Blazer sees the community cultural center as “multigenerational and multiuse” because it would offer Jewish senior housing. It would also become the new home for Temple Beth Ami.

“I personally think it will be a model for what Jewish communities do throughout the country,” Blazer said. “It shows what can be done when people put egos aside and work together to build something that’s necessary.”

Blazer said he saw a need, and the idea for a hub where multiple entities can work together developed from that.

“To be able to implement a vision and work from the ground floor — that’s what I wanted to do and what motivated me,” Blazer said.

He is a man of many ambitions but not one who lacks a sense of reality, he said. Vision has to leave room for change and obstacles.

For example, he and leaders of the Albert Einstein Academy for Letters had to make some adjustments after William S. Hart Union School District board members, who saw an issue of mingling church and state, voted against the proposed public Hebrew-language charter school.

Hebrew was nixed as a language requirement, and Blazer, a founding member, stepped down from the charter’s board to help show that the school is secular.

“You can’t give up your vision, but you have to deal with the world you have around you,” he said.

One foot in tradition, one foot forward
Stolnitz sees Blazer as a leader who takes risks, but not loftily. Blazer is not the type of leader to throw an idea in people’s laps and then step away, she said.

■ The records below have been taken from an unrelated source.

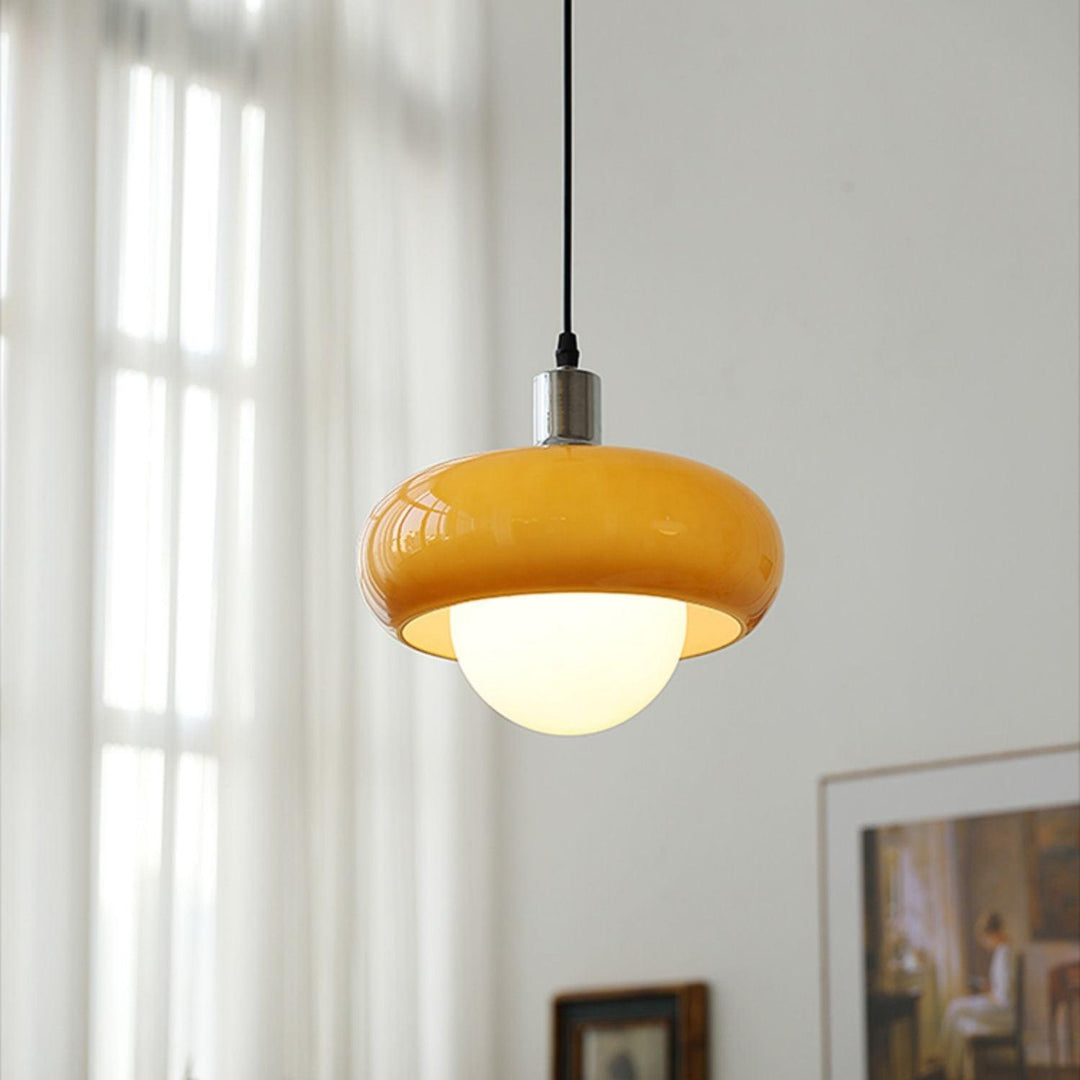 Lampa Wisząca Harvey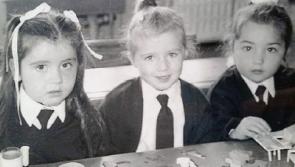 Snapshots Grand Final - Little Sarah's First Day at School
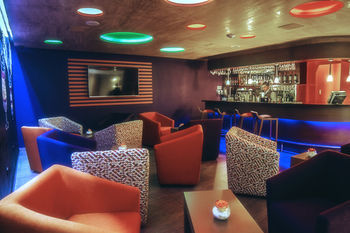 Mercure Grand Hotel Alameda Quito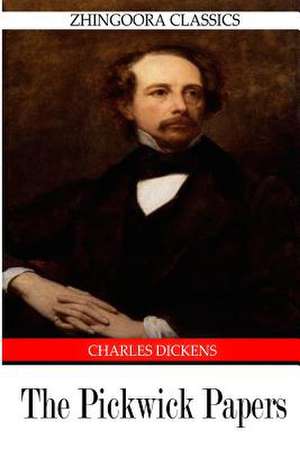 The Pickwick Papers de Charles Dickens
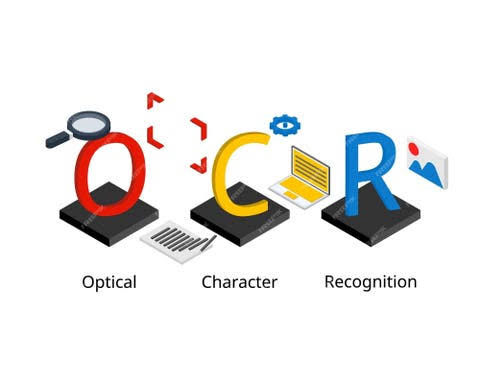 OCR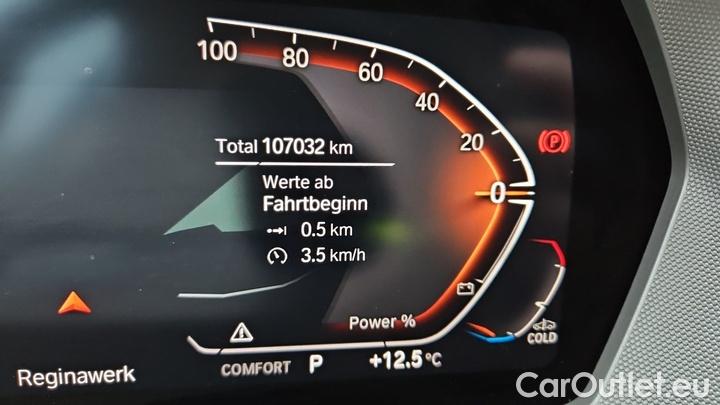 Bmw  Serie 1 118d Advantage #9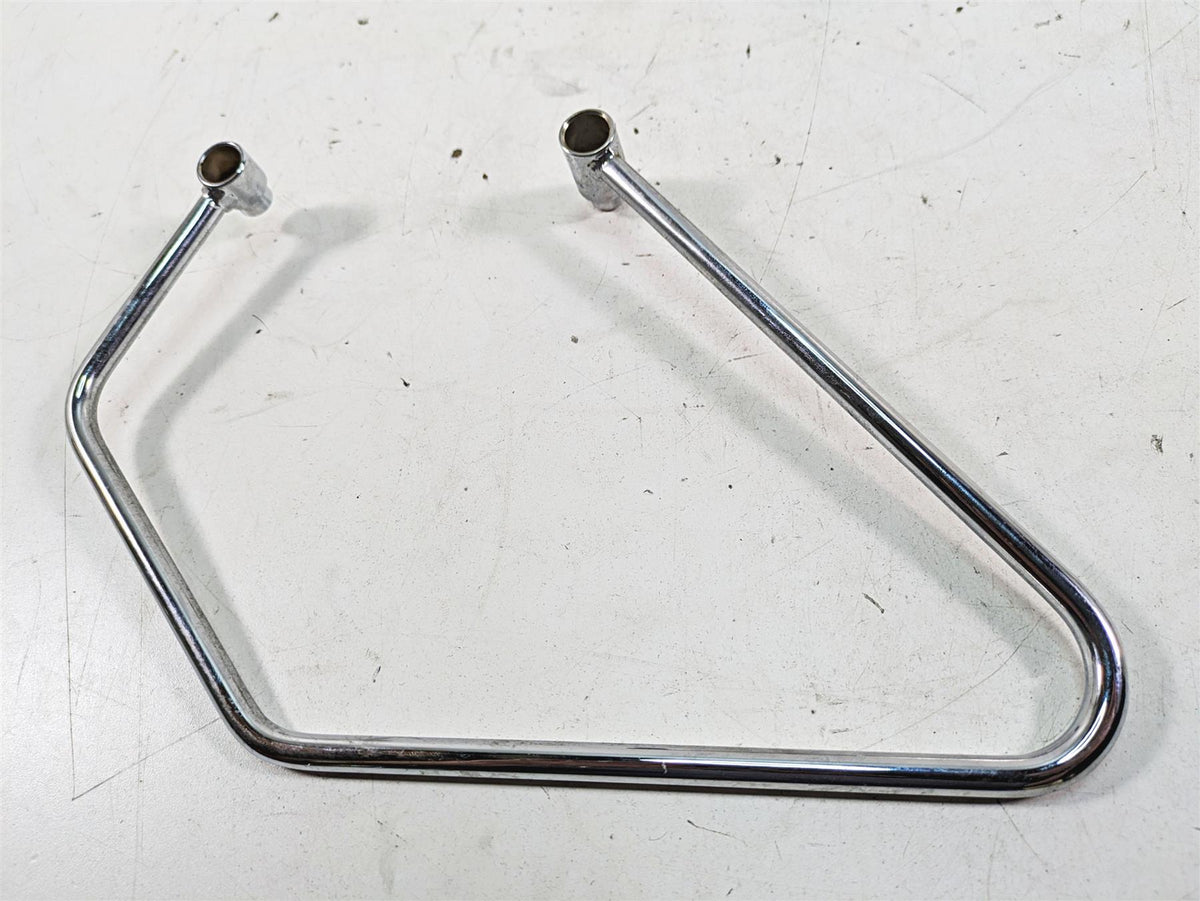 2011 Triumph America Saddlebag Saddle Bag Mount Set A9500509 {{ shop.shopifyCountryName }} - Mototech271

“He comes up with great ideas and gets people to do them, but he’s willing to get his hands dirty,” Stolnitz said. “Whether it’s permits for buildings at City Council or photocopying — he’ll be right there with us.”

Blazer said he knows his job as a rabbi will never be done. He read from the Talmud: “It’s not up to you to finish the work; yet you’re not free to avoid it.”

“Traditionally, Judaism has encouraged people to push the envelope — to have one foot in the past but always one foot moving forward,” he said. “Knowing where we came from but knowing we have so much more to go.”

He is simply living life, he said, and will continue to do so for as long as he has the energy.

“You can’t retire from life,” he said. “If you do things you really love doing, it never becomes a job to you.”

Every person is searching to make a difference in the world, he said.

“For me, to make a difference in the world and in the Jewish community and in Southern California was a dream come true,” he said.